At the time, she didn’t have the language or frameworks to make sense of what she was witnessing, but those experiences lingered with her. When the time for her postgraduate research came, she returned to these questions, this time at Perumbakkam, another major resettlement site. "Now, I wasn’t just a visitor; I was listening and connecting the dots." The irregular water supply there wasn’t simply a technical glitch; it was a daily crisis met mostly with silence. Varsha realised that water scarcity was a doorway into understanding deeper issues of vulnerability, resilience, and neglect on the urban margins. So, the idea for her research didn’t arrive all at once. It unfolded gradually, from a concern about water to a deeper reckoning with what resettlement really does to people’s lives. In Perumbakkam, she didn’t just find a water crisis.

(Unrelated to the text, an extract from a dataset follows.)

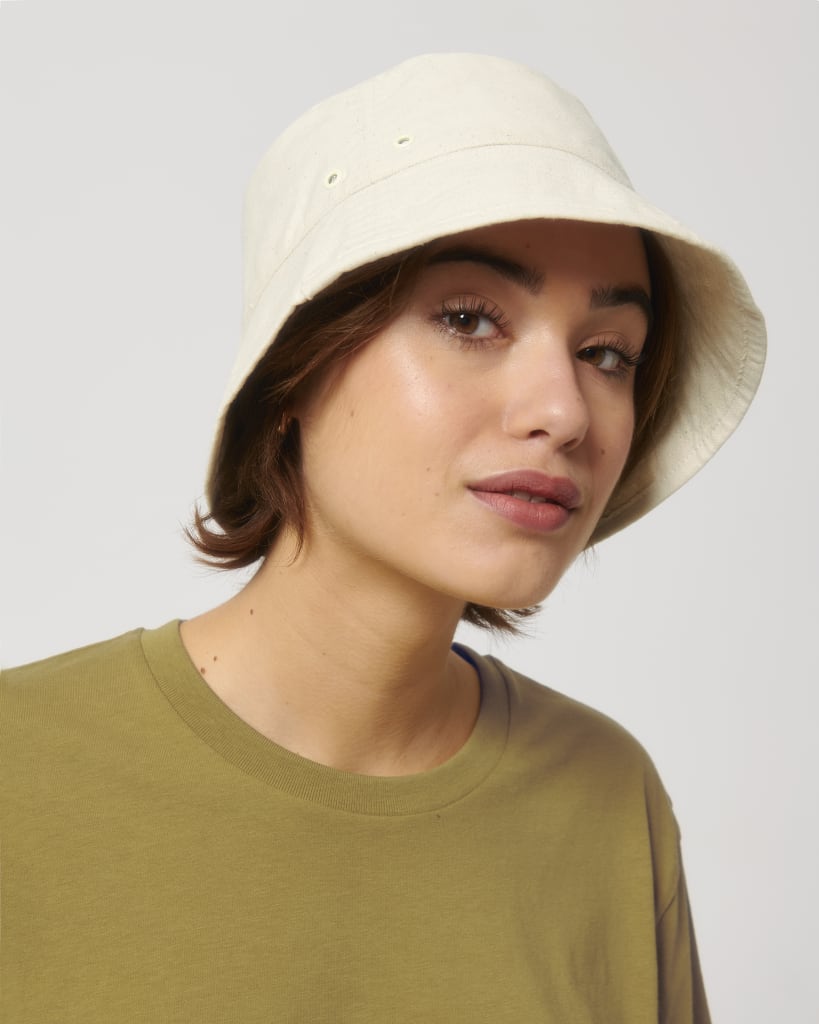 Stanley/Stella - Bob Bucket Hat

"I found a window into vulnerability, a portrait of survival in the margins of a city that’s still learning how to care for its people. That’s the story, and the people, I wanted my research to centre."

Navigating trust and reality in the field
"Researching in Perumbakkam was both an emotional and intellectual rollercoaster." Varsha spent six intense weeks navigating not just the narrow staircases and half-lit corridors of the buildings, but also the complex realities behind each door. It quickly became clear that her work couldn’t just be about data collection; it had to be about earning trust and listening deeply at the delicate intersections of people’s lives. "From the outset, I was acutely aware that the residents of Perumbakkam had already been surveyed repeatedly by various agencies, often with little visible change resulting from those efforts. "This history meant that many people felt research fatigue or skepticism toward yet another researcher with questions.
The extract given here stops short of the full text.